Humans too often give crows the cold shoulder. In literature and film, these glossy black birds frequently portend death or bad luck. The collective noun for a flock of them, “a murder of crows,” doesn’t help. Their call is loud and unmelodic, and because they roost together at night (when they are young or not breeding), they raise a ruckus.
Balazs says crows deserve respect. Research shows that they are smart, resourceful, and humorous. She and her staff are enjoying working with A and Z. “They’re very intelligent, very curious,” says Balazs. “They are doing well here.”
“Because they are so smart,” she explains, “these birds need a lot of stimulation.” Freshmen from Morse High School in Bath recently lent a hand when they visited Chewonki to make “puzzle feeders” for the crows.

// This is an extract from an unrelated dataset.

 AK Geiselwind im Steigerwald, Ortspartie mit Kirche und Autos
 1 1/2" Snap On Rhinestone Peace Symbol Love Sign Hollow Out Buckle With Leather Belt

Using simple materials including PVC and egg cartons, the students, all participants in the Chewonki Waypoint Program, put together feeders that require A and Z to problem-solve in order to get a yummy reward.
Crows are scavengers and gourmands. They relish carrion, garbage, reptiles, amphibians, mouse bits, nuts and grains, fruit, eggs, and worms (mealworms are the filet mignon of A and Z’s world). They clean up roadkill and steal corn from newly planted fields and harvest stubble. They are robbers, yes, but also help tidy our world.
The crows’ strong attachment to each other presents an interesting problem. “It’s great that there are two of them, but that also makes training more challenging,” Balazs says. “Sometimes they progress at different rates.” Traveling Natural History Program staff may separate them for certain lessons or have two staff members working side-by-side, one-on-one. “I don’t promise anyone any particular time frame when training,” she says. “We move as quickly as we can,” but ultimately, as is so often true with crows, A and Z are running the show.